In this seminal new study of family, Andrew Solomon tells the stories of parents who learn to deal with their exceptional children and find profound meaning in doing so.

He introduces us to families coping with deafness, dwarfism, Down syndrome, autism, schizophrenia, disability, with children who are prodigies, who are conceived in rape, who become criminals, who are transgender.

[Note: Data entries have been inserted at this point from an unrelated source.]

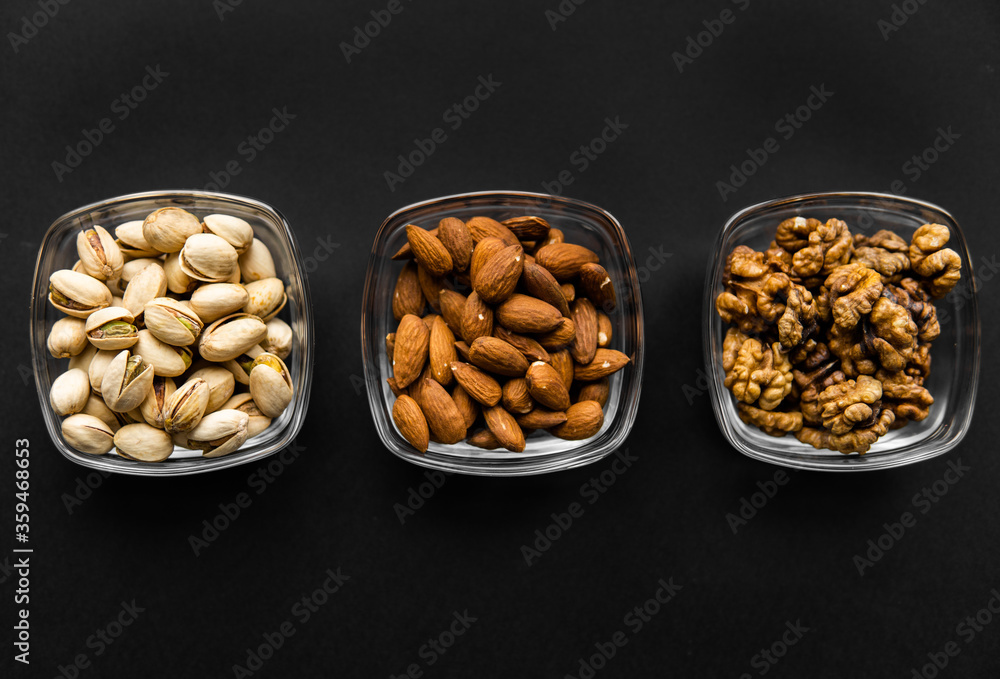Almond, pistachio and walnut in a small plates which standing on a black table. Nuts is a healthy vegetarian protein and nutritious food. Almond, pistachio and walnut in a small plates which standing on a black table. Nuts is a healthy vegetarian protein and nutritious food.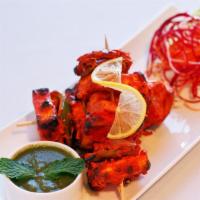 Paneer Tikka · Choice of protein grilled in tandoor with aromatic spices.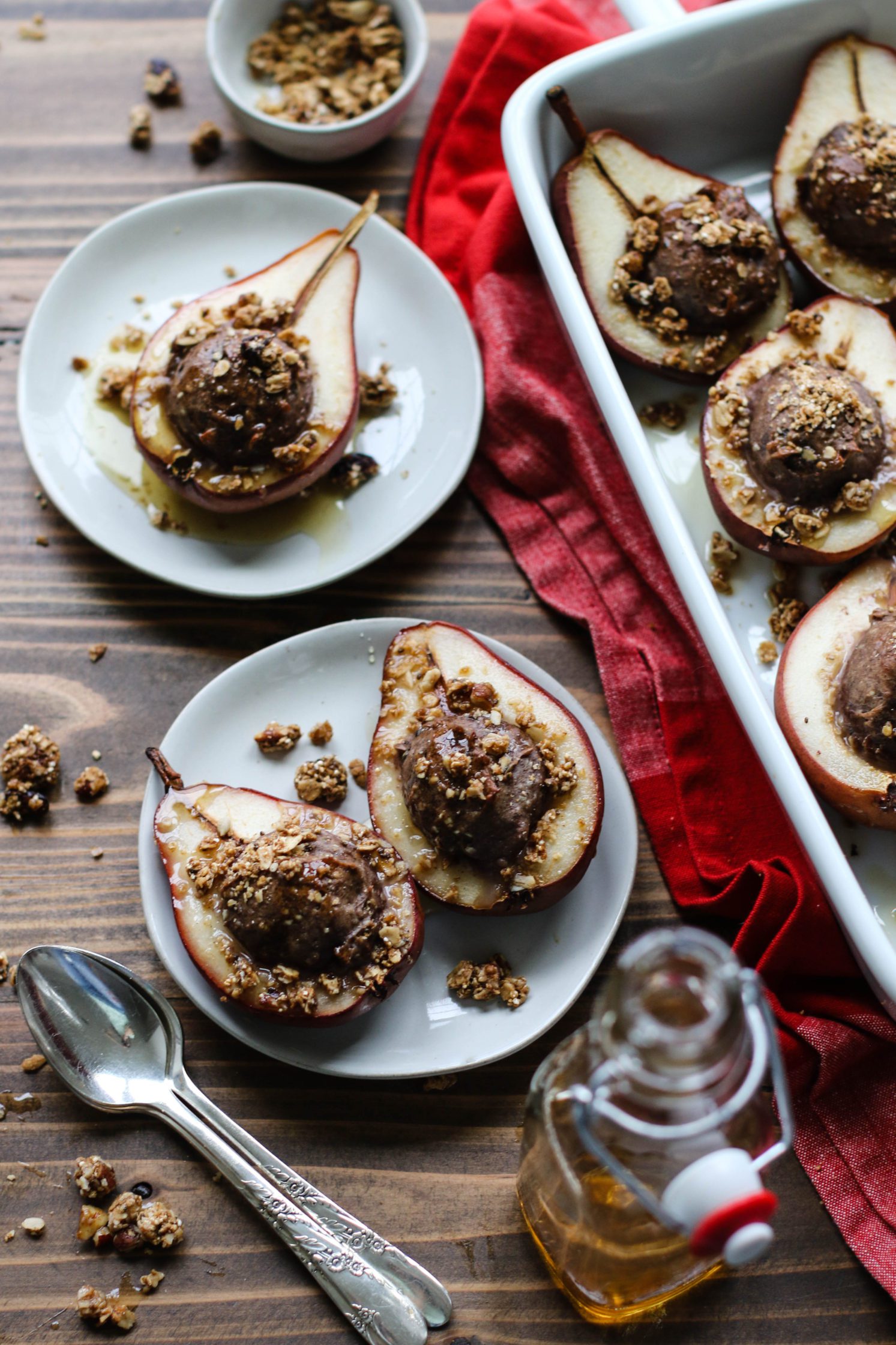 Nutty Protein Stuffed Pears served on plates with baking dish and spoons by Flora & Vino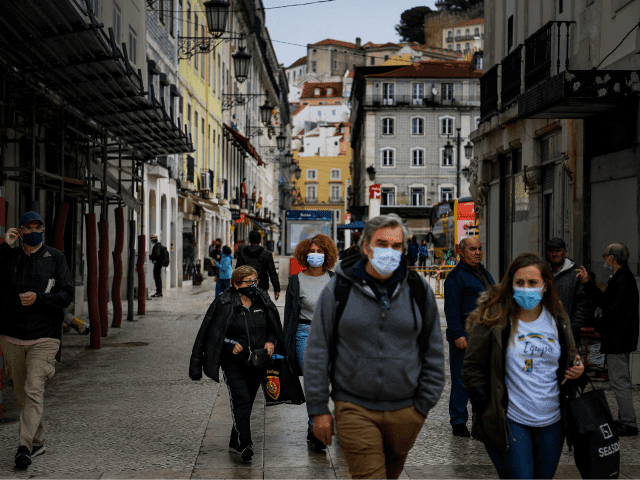 People wear face masks in downtown Lisbon on October 28, 2020. - The Portuguese support the wearing of the compulsory mask outdoors, a measure that came into force today, in order to stem the resumption of the coronavirus epidemic. (Photo by PATRICIA DE MELO MOREIRA / AFP) (Photo by PATRICIA …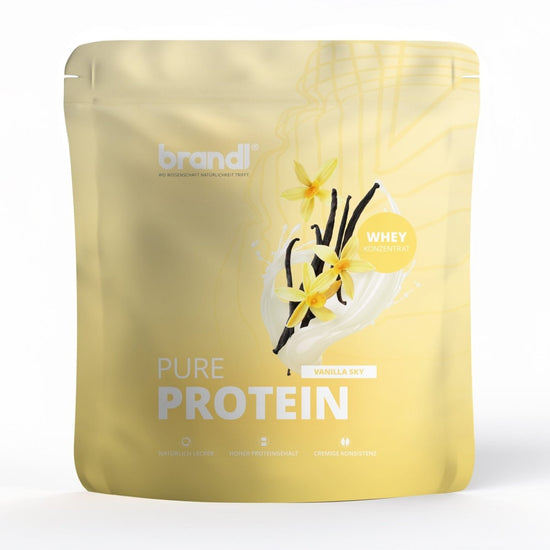 Eine gelbe pouch von brandl pure protein 2.0 whey in vanillegeschmack mit schwarzen vanilleschoten und gelben blumen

While each of these characteristics is potentially isolating, Solomon documents repeated triumphs of human love and compassion to show that the shared experience of difference is what unites us.

'Reading Far from the Tree is a mind-opening experience.' Eric Kandel

Drawing on interviews with over three hundred families, Solomon documents ordinary people making courageous choices, whether considering prenatal screening for genetic disorders, cochlear implants for the deaf, or gender reassignment surgery.

Parents and children are challenged to their limits, but often grow closer as a result; many discover supportive communities of others similarly affected; some are inspired to become activists, celebrating the conditions they once feared.

Elegantly reported by a spectacularly original thinker, Far From The Tree explores themes of generosity, acceptance and tolerance - and shows how love for one's children can transcend every prejudice. This crucial and revelatory book expands our definition of what it is to be human.

'A brave and ambitious work, bringing together science, culture and a powerful empathy. Solomon tells us that we have more in common with each other - even with those who seem anything but normal - than we would ever have imagined.' Malcolm Gladwell

Andrew Solomon is a journalist and lecturer of politics, culture and psychology who writes regularly for the New Yorker , Newsweek , and the Guardian . He is a Lecturer in Psychiatry at Cornell University and Special Adviser on LGBT Affairs to Yale University's Department of Psychiatry. His highly acclaimed international study of depression, The Noonday Demon won the 2001 National Book Award and was a finalist for the 2002 Pulitzer Prize. He lives with his husband and son in New York and London.